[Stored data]
[Start of section]

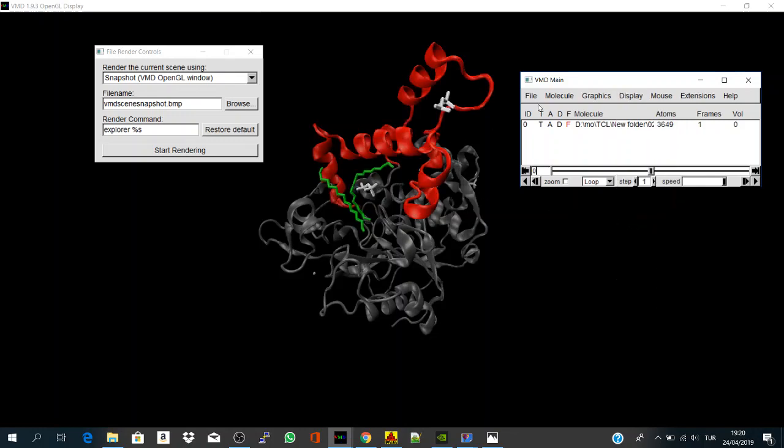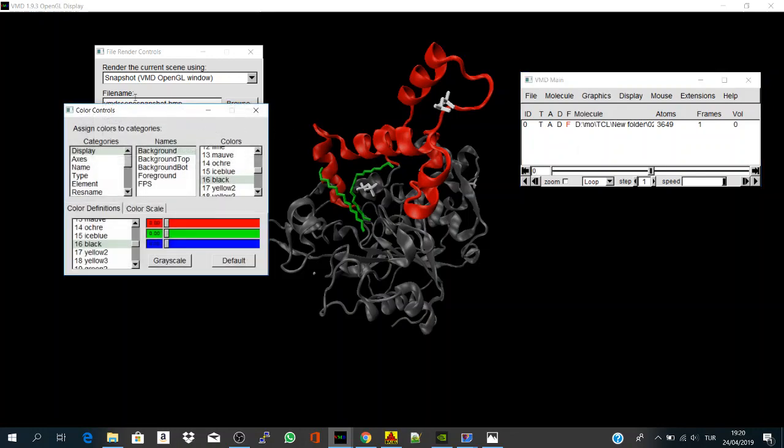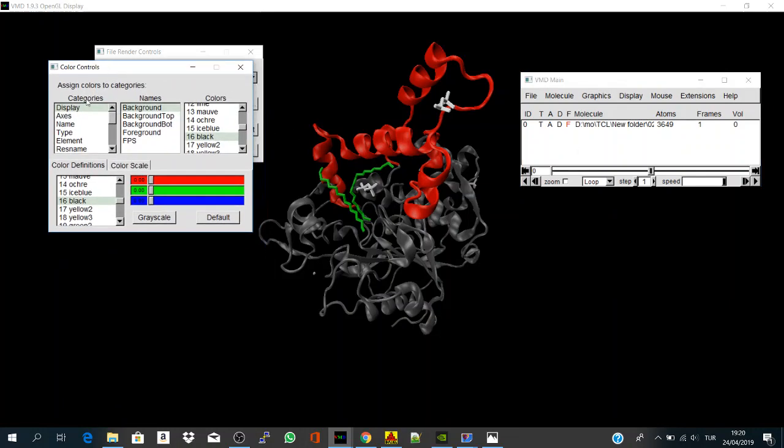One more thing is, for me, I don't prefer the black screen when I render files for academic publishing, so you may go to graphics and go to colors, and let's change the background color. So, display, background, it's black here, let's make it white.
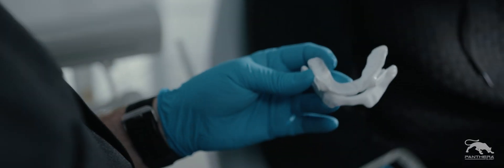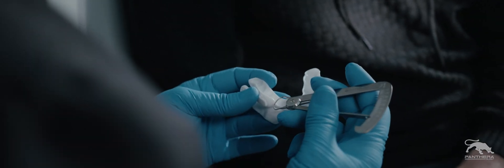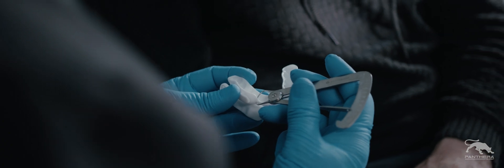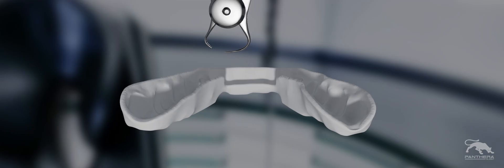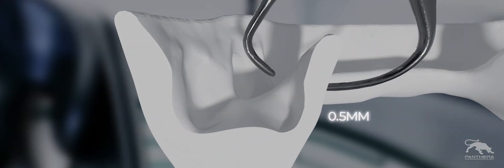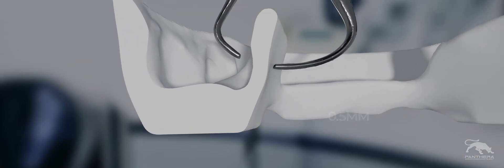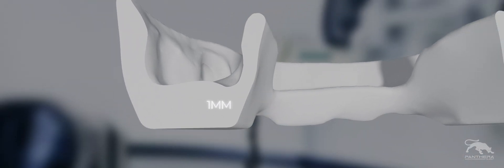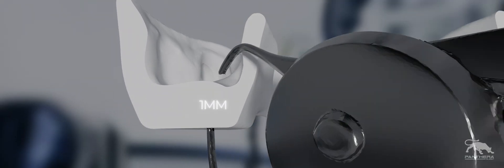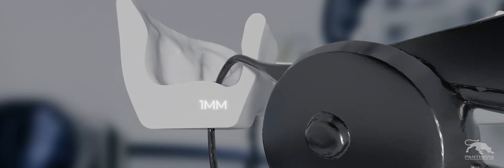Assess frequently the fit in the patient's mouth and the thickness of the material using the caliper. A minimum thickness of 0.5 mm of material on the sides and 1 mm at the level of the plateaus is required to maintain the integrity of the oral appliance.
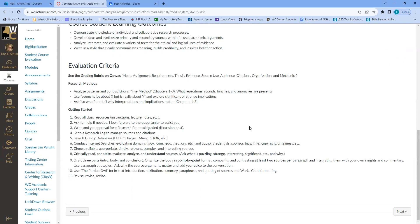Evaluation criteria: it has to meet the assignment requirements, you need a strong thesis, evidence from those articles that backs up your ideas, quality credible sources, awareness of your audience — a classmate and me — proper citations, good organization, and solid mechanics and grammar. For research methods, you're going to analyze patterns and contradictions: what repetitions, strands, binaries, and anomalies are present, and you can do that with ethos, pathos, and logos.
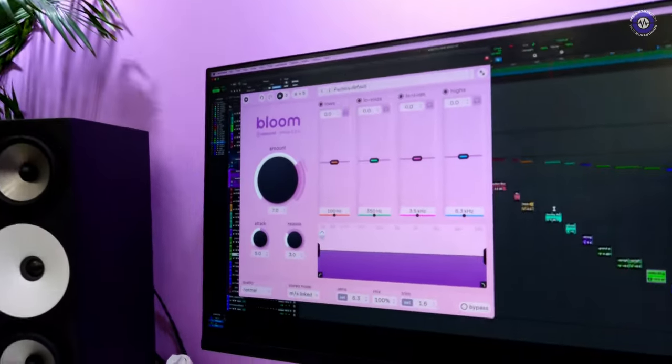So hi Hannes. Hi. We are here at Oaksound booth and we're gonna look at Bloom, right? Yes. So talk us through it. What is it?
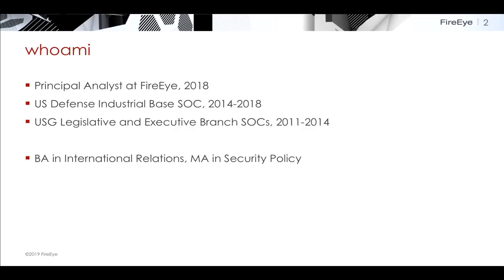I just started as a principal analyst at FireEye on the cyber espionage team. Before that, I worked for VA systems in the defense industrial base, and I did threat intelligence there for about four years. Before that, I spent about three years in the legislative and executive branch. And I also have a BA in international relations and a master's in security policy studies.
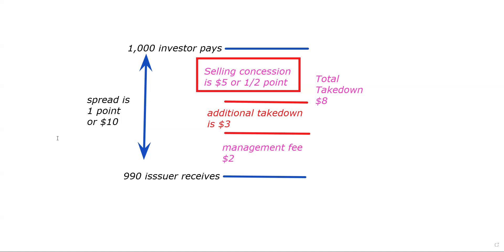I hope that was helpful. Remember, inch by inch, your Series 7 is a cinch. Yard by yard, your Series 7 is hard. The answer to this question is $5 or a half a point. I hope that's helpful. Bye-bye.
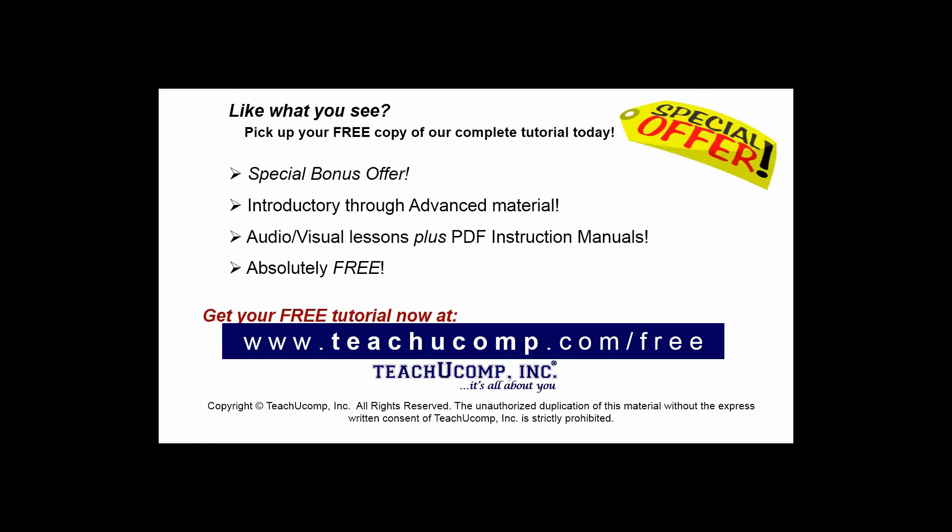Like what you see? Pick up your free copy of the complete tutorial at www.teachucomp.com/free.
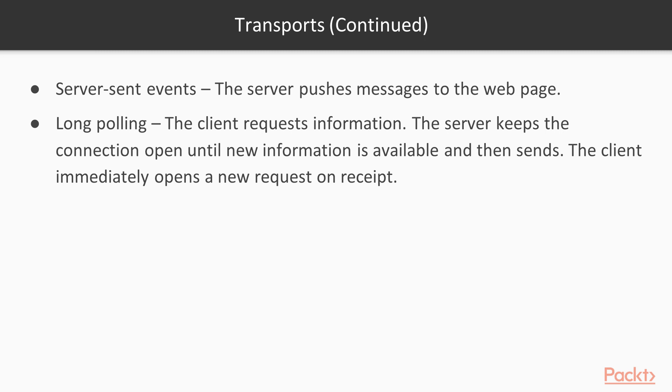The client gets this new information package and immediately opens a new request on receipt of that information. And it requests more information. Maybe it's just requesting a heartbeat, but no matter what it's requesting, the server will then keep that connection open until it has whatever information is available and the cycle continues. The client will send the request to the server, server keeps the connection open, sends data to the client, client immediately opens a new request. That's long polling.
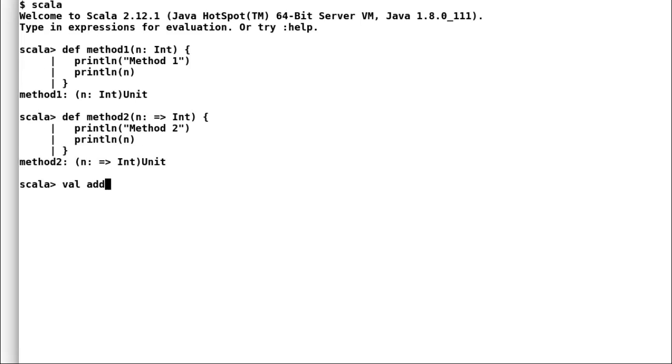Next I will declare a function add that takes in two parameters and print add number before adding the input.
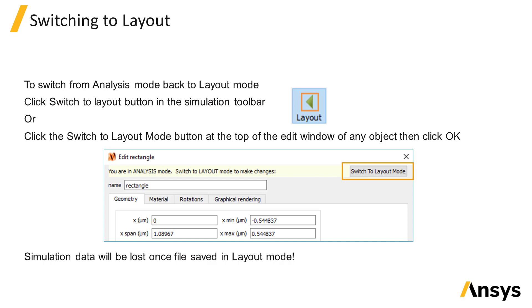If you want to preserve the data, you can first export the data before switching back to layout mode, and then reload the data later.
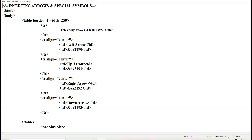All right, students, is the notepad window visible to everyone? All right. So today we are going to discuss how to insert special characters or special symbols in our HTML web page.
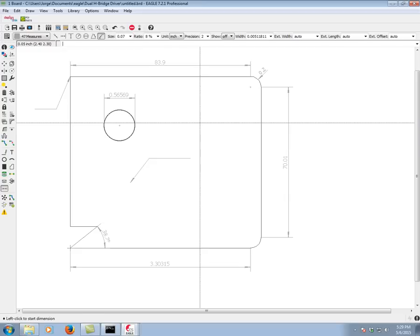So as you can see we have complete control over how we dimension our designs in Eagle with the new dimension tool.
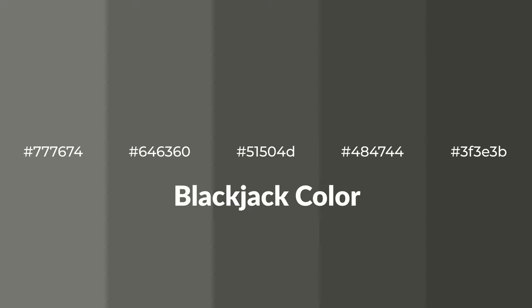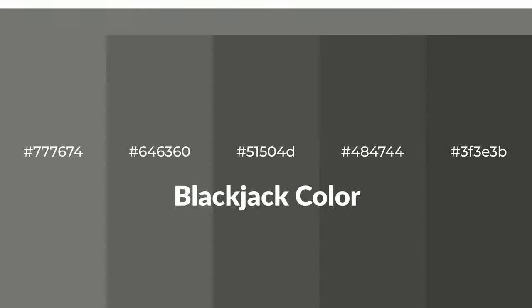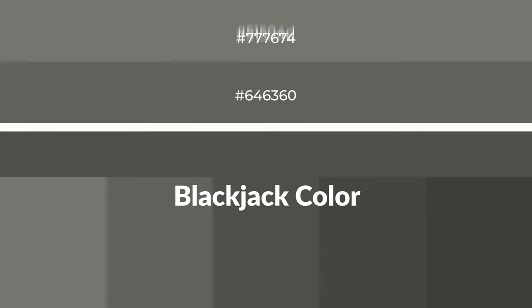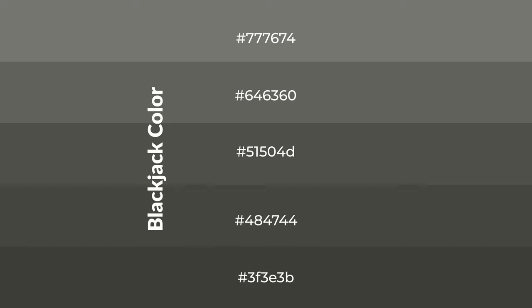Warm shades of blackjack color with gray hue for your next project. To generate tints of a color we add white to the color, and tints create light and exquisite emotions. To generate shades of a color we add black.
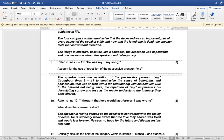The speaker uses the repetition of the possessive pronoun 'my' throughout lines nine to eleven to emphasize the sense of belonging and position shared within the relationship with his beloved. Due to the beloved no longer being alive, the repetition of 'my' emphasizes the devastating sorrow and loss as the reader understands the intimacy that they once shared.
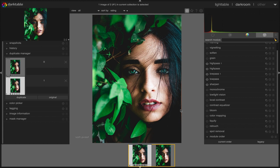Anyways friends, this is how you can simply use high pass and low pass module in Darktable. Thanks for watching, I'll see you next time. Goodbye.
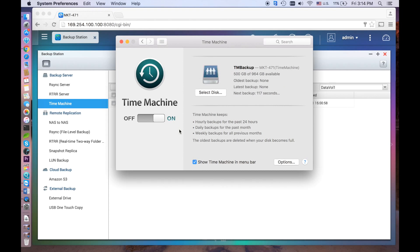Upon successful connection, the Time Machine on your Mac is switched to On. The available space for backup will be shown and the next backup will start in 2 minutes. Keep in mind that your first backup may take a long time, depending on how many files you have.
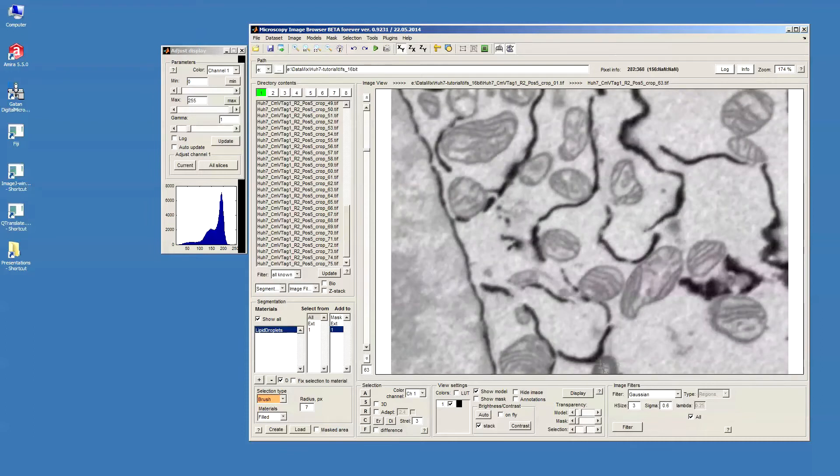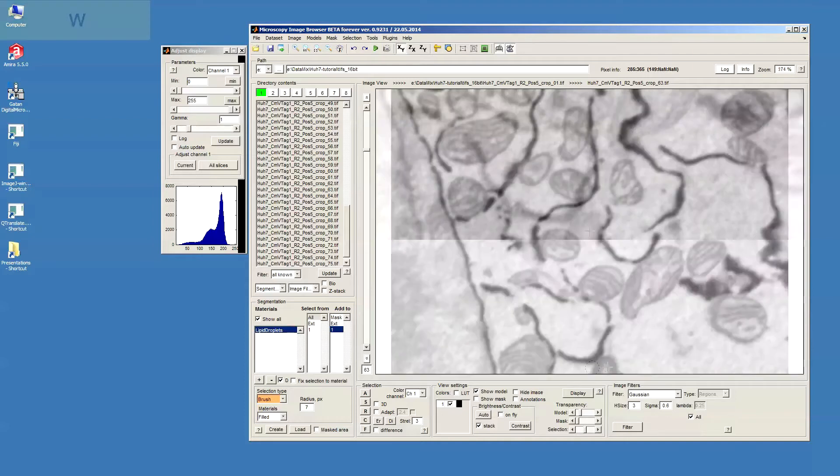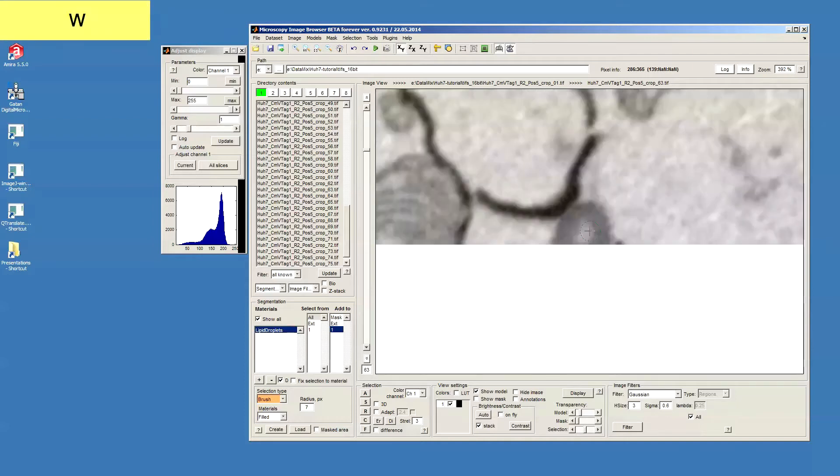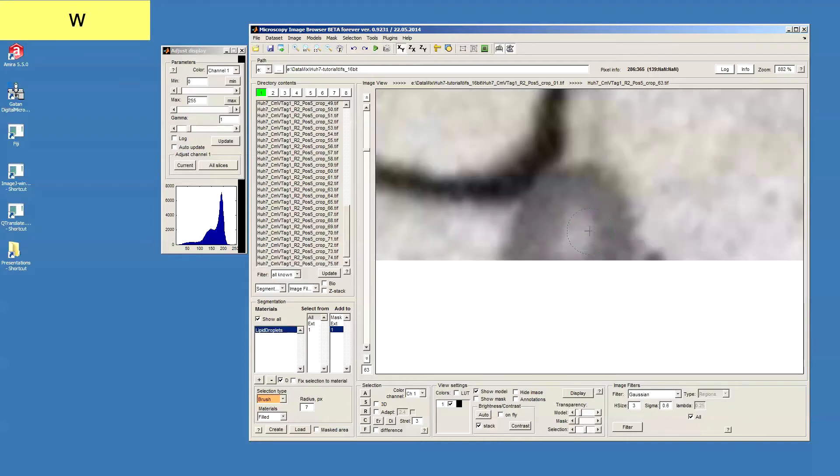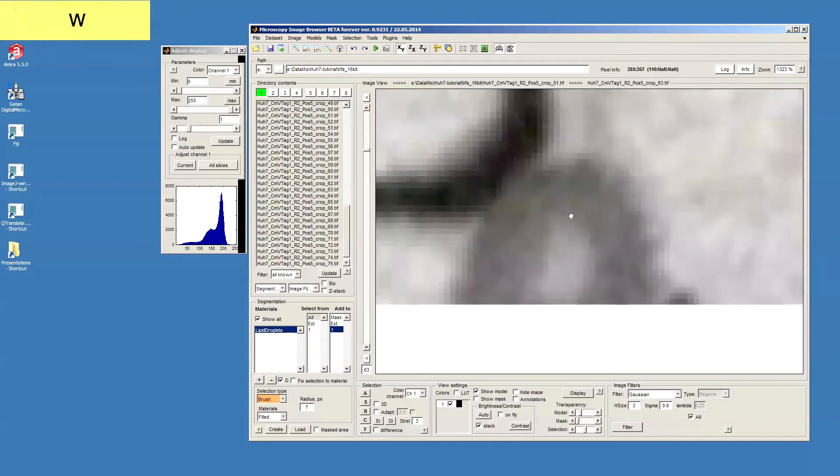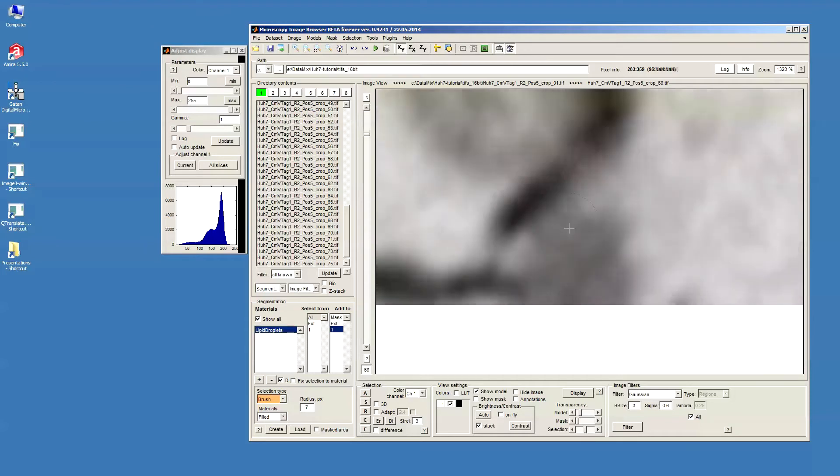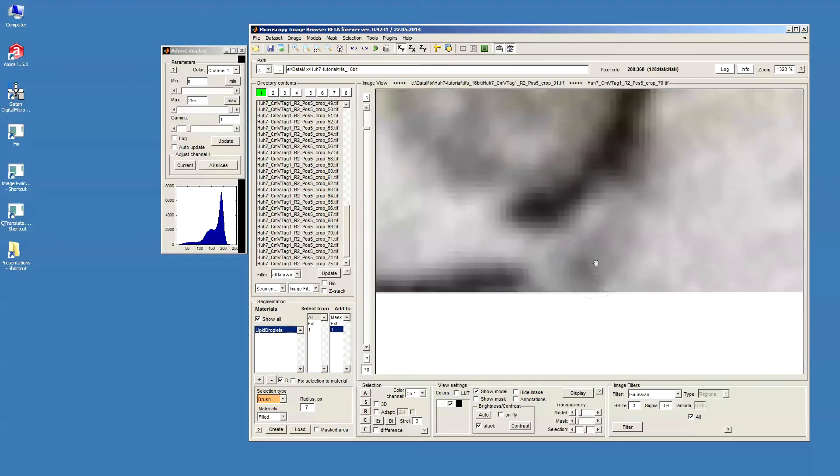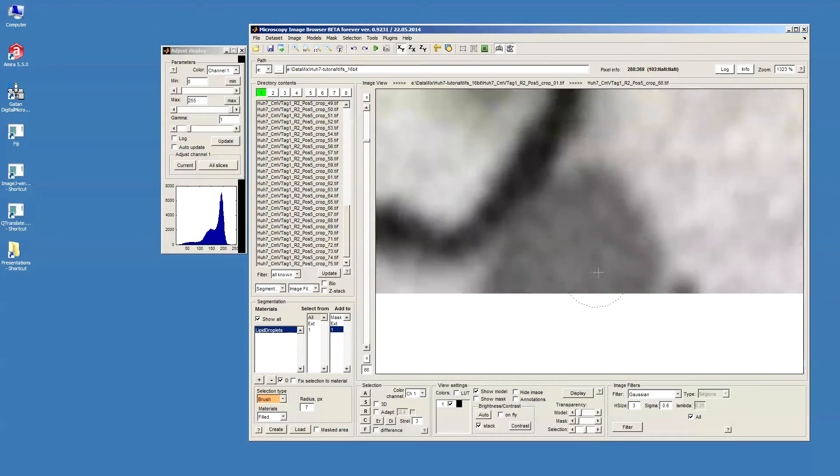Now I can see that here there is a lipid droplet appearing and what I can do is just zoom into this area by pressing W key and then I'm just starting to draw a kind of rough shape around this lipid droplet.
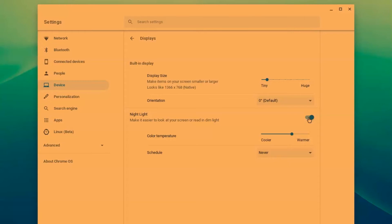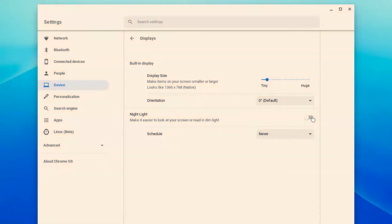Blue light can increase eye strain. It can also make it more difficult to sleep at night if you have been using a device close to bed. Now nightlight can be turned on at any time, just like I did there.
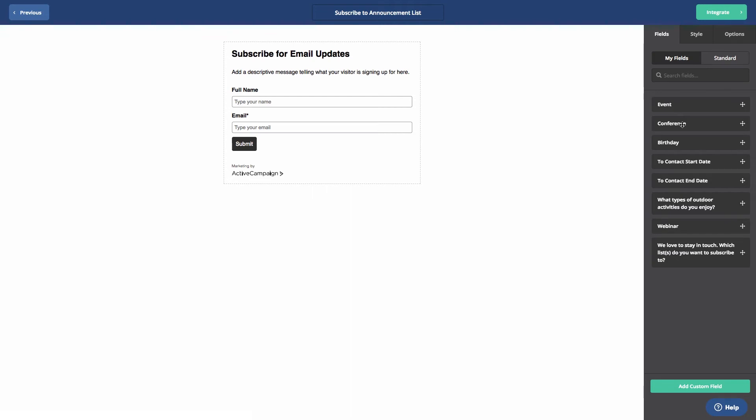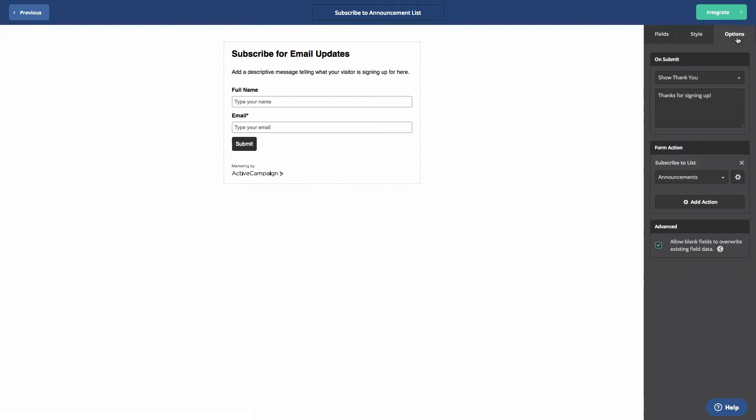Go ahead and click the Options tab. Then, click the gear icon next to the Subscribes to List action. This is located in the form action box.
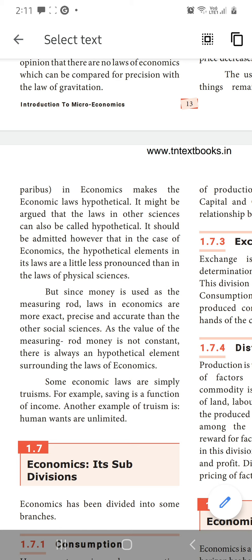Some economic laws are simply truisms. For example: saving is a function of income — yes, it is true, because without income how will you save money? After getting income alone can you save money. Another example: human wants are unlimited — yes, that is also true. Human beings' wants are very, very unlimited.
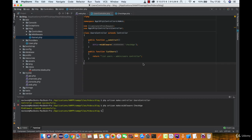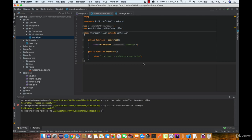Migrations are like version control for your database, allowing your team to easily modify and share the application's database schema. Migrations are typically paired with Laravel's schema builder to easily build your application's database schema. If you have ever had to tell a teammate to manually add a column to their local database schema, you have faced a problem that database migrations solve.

[End of section]

Work instruction: Nothing but the lines above from the one that has "Next I will" down to the one that has "Anyways friends, this" belongs in the answer, copied exactly, without pictures.

Completed exercise:
Next I will declare a function add that takes in two parameters and print add number before adding the input.
If you want to preserve the data, you can first export the data before switching back to layout mode, and then reload the data later.
All right, students, is the notepad window visible to everyone? All right. So today we are going to discuss how to insert special characters or special symbols in our HTML web page.
So as you can see we have complete control over how we dimension our designs in Eagle with the new dimension tool.
Warm shades of blackjack color with gray hue for your next project. To generate tints of a color we add white to the color, and tints create light and exquisite emotions. To generate shades of a color we add black.
The speaker uses the repetition of the possessive pronoun 'my' throughout lines nine to eleven to emphasize the sense of belonging and position shared within the relationship with his beloved. Due to the beloved no longer being alive, the repetition of 'my' emphasizes the devastating sorrow and loss as the reader understands the intimacy that they once shared.
Anyways friends, this is how you can simply use high pass and low pass module in Darktable. Thanks for watching, I'll see you next time. Goodbye.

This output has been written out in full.